Dikatakan LaNyalla, seharusnya saat Reformasi, yang dibenahi adalah penyimpangan di era Orde Baru. Bukan malah mengganti sistem bernegara dengan mengadopsi sistem liberal.

“Makanya dalam beberapa kesempatan, saya selalu sampaikan bahwa polarisasi bangsa yang terjadi akibat Pilpressung harus kita akhiri. Polarisasi di masyarakat sangat tidak produktif dan menurunkan kualitas kita sebagai bangsa yang beradab dan beretika,” papar dia dalam keterangannya.

LaNyalla menggambarkan bagaimana antar kelompok di masyarakat melakukan aksi reaksi atas output pesan masing-masing baik dalam bentuk kalimat verbal, maupun simbol dan aksi. Ditambah pola komunikasi elit politik yang kerap menimbulkan kegaduhan. Sehingga semakin lengkap pembelahan yang terjadi.

“Kita sempat menyaksikan sweeping bendera, kaos, forum diskusi, pembubaran atau pelarangan forum pertemuan dan lain sebagainya. Sampai hari ini, masih saja terjadi olok-olok antar kelompok, dengan sebutan-sebutan yang jelek. Padahal sudah sangat jelas, olok-olok dengan sebutan yang jelek, dilarang Al-Quran,” tegasnya.

LaNyalla juga menyatakan, pemilihan presiden secara langsung telah melahirkan politik kosmetik dan merusak kohesi bangsa. Karena terjadi mobilisasi di masyarakat oleh elit-elit politik. Ditambah dengan pembenaran-pembenaran atas mobilisasi tersebut. Sementara di satu sisi, ada kritik dan protes atas mobilisasi tersebut. Sehingga akan terus terjadi saling hujat.

"Pemilihan presiden secara langsung yang kita adopsi begitu saja, telah terbukti melahirkan politik kosmetik yang mahal harganya. Apalagi batu uji yang digunakan untuk mencari pemimpin lewat pemilihan langsung adalah popularitas yang bisa difabrikasi melalui media komunikasi,” imbuhnya.

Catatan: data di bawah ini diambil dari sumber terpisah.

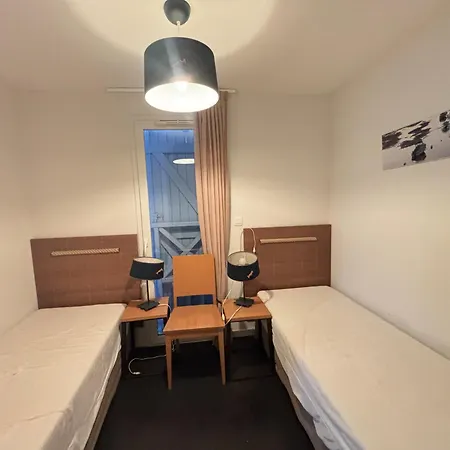 Maison Calme Avec Piscine Et Proche à Talmont-saint-hilaire - Fr-1-197-488 *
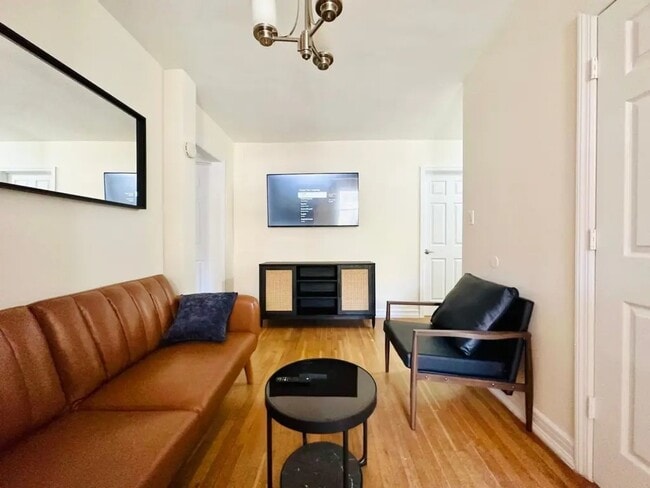 Photo - Furnished room/NOT APARTMENT Unit 4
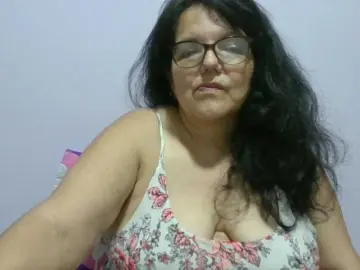 Kassandra02  live sex cam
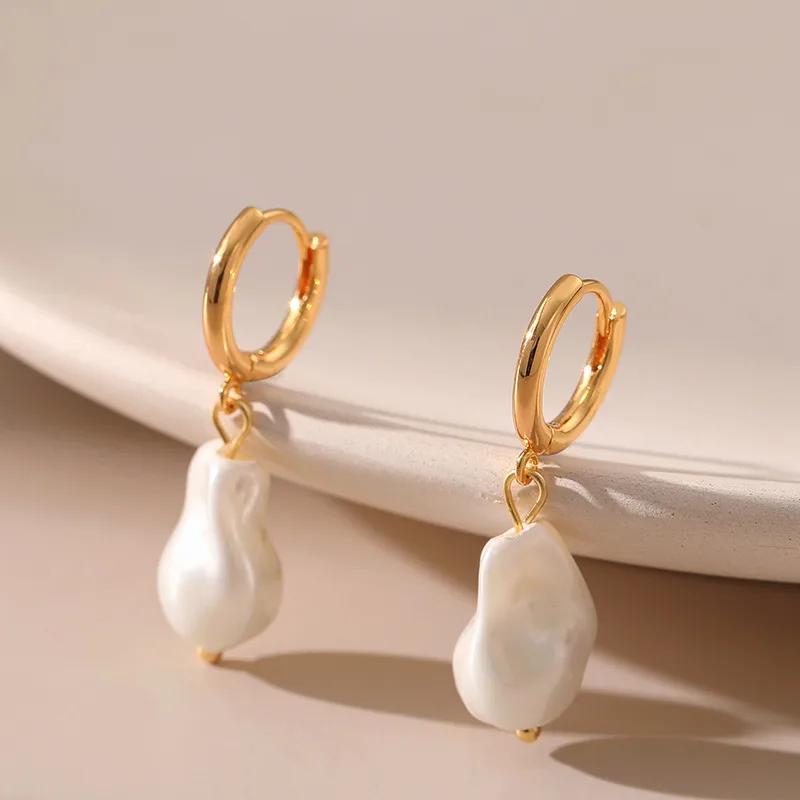 Wholesale 1 Pair Elegant Geometric Plating Copper 18k Gold Plated Earrings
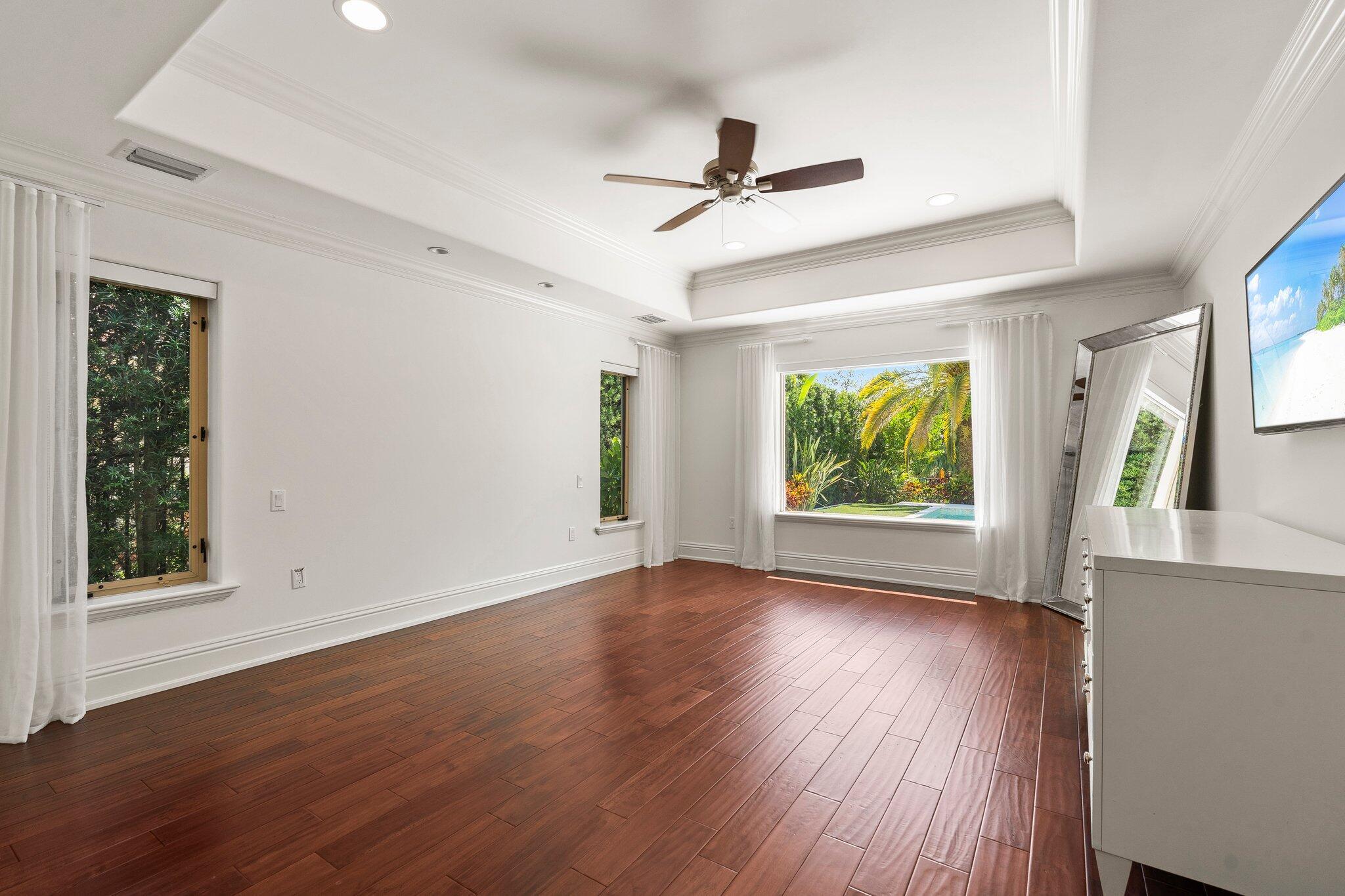 INTRACOASTAL PARK - Residential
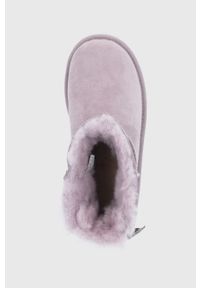 Ugg - UGG Śniegowce zamszowe dziecięce Mini Bailey Glitz. Nosek buta: okrągły. Kolor: fioletowy. Materiał: zamsz. Szerokość cholewki: normalna #4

LaNyalla juga mengatakan elektabilitas yang dimiliki para kandidat juga dapat digiring melalui angka-angka survei, lalu disebarluaskan oleh para buzzer di media sosial dengan narasi-narasi saling hujat atau sebaliknya puja-puji buta. Dan pada akhirnya, rakyat pemilih disodori oleh realita yang dibentuk sedemikian rupa.

LaNyalla menilai sudah saatnya Pilpres Langsung dievaluasi. Sebab, selain menimbulkan banyak gejolak di tengah-tengah masyarakat, faktanya Pilpres Langsung bertentangan dengan mekanisme pengambilan keputusan yang tertuang dalam Sila Keempat Pancasila.

"Sila Keempat Pancasila mengajarkan kepada kita bahwa demokrasi kerakyatan kita melalui perwakilan para hikmat, yang berada dalam satu wadah yang utuh, di lembaga tertinggi negara,” tukasnya.